32nm世代以降のロジックLSI向け高信頼性多層配線技術を開発

~32nm世代に必要な配線の低抵抗化と信頼性の確保の両立に成功~

株式会社富士通研究所(注1)と富士通株式会社は、32ナノメートル(以下、nm)世代以降のロジックLSI向け技術として、マンガンを添加した銅配線と、超薄膜のバリアメタルを用いることにより、信頼性の高い多層配線を実現する技術を開発しました。従来技術と比べ、配線抵抗を効果的に低減するとともに、LSIの配線における経年劣化の要因となるエレクトロマイグレーション(注2)に対する耐性を向上させ、32nm世代に要求される配線抵抗と信頼性の確保とを両立させることに成功しました。この技術により、より高性能で高集積なLSIをお客様に提供できるようになります。

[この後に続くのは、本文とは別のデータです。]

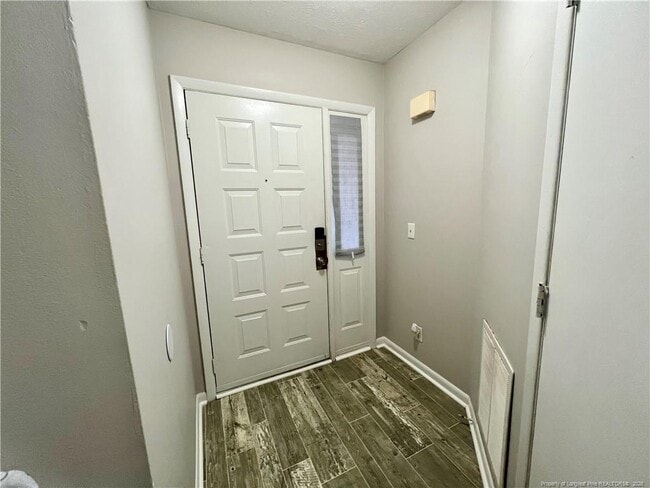 Building Photo - 6792 Willowbrook Dr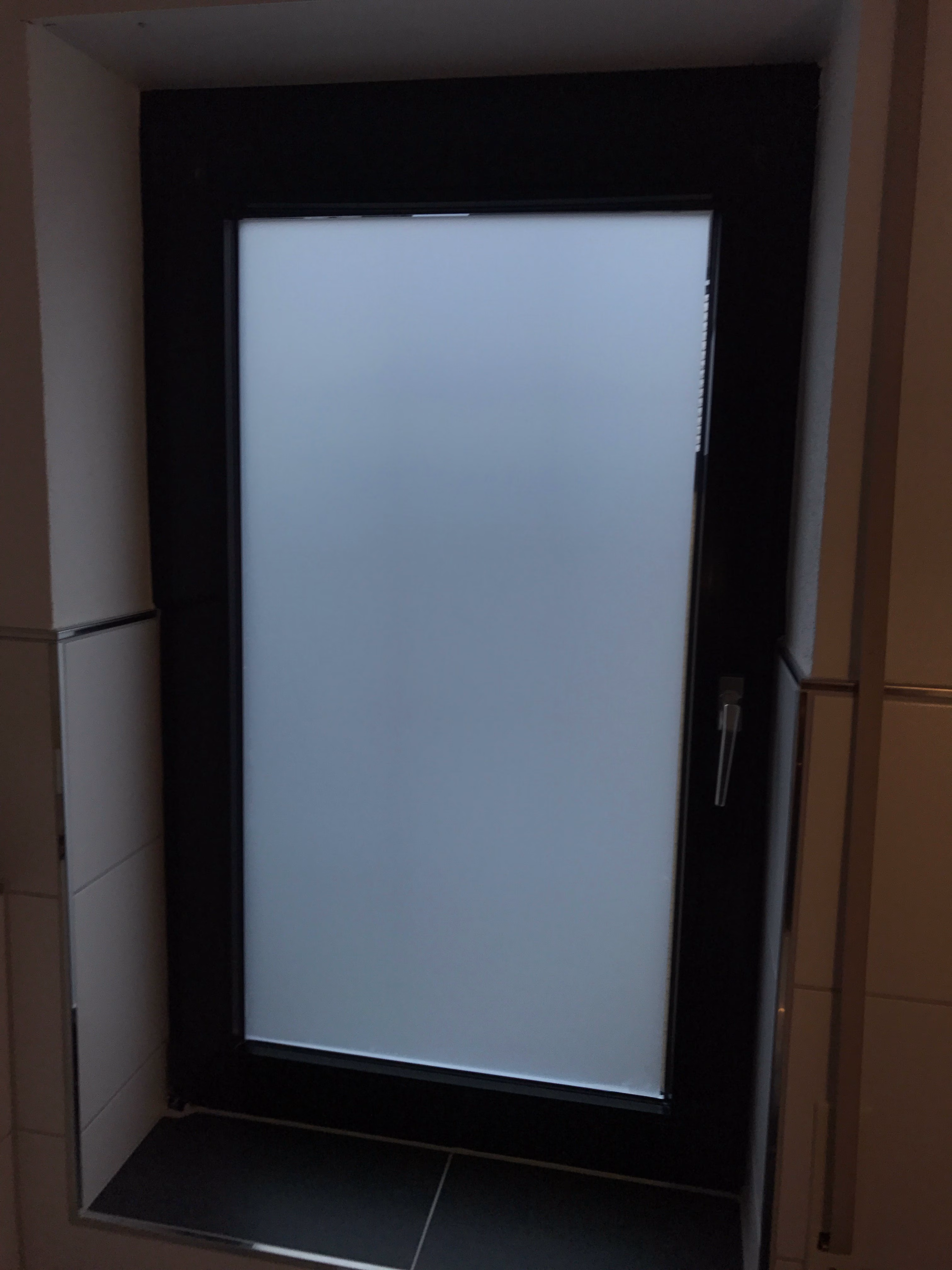 Milchige Sichtschutzfolie im Badezimmer vollflächig foliert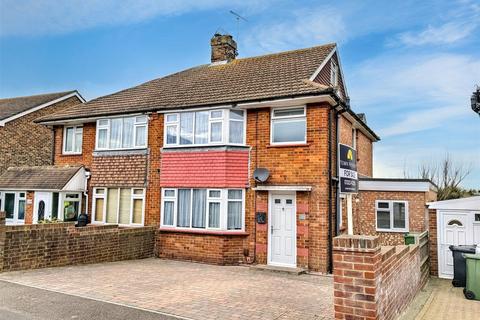Astaire Avenue, Eastbourne 4 bed house for sale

なお、今回の技術については、米国ワシントンD.C.で12月10日から開催されている半導体の国際学会、IEDM(International Electron Devices Meeting)にて発表しました。(講演番号19.6)

背景

マイクロプロセッサの高性能化や携帯情報端末の多機能化、小型化などにともない、ロジックLSIには、高性能化、高集積化、省電力化が要求され、LSIに用いる多層配線においても、微細化が推し進めらています。例えば、現在開発段階にある32nm世代ロジックLSIでは幅50nmの銅(Cu)配線が予定されています。LSIの高性能化のためには、このような微細な配線において、配線抵抗の上昇を抑えるとともに、配線の劣化を抑制し高い信頼性を確保する技術が重要となってきます。

課題

45nm世代までのLSIで用いられるCu配線は、Cuを保護するためにバリアメタルで周りが覆われています。バリアメタルは絶縁膜中へのCuの拡散や絶縁膜からCuへの酸素の侵入を抑制するために必要なもので、バリアメタルを厚くすれば信頼性を確保することができます。しかし32nm世代のような微細なCu配線に対してバリアメタルの占める割合が大きくなると、配線抵抗が増加してしまうため、配線抵抗の低減と信頼性の確保をいかに両立させるかが課題となっています。

技術の概要

今回、超薄膜のバリアメタル上にマンガン(Mn)を添加したCu配線を形成することで、配線抵抗の低減と高信頼性の確保を両立させることに成功しました。この配線構造(図1)は以下のような工程により作製されます。


図1 開発した多層配線構造
  1. 絶縁膜へCuが拡散するのを防止する超薄膜のバリアメタルを成膜します。
  2. Mnを含むCuシード層を成膜した上、配線材料のCuをめっきします。
  3. その後の工程で350℃を超える温度が加わり、Cu配線の周囲を取り囲むようにバリアメタルよりさらに薄いMn析出層が形成されます。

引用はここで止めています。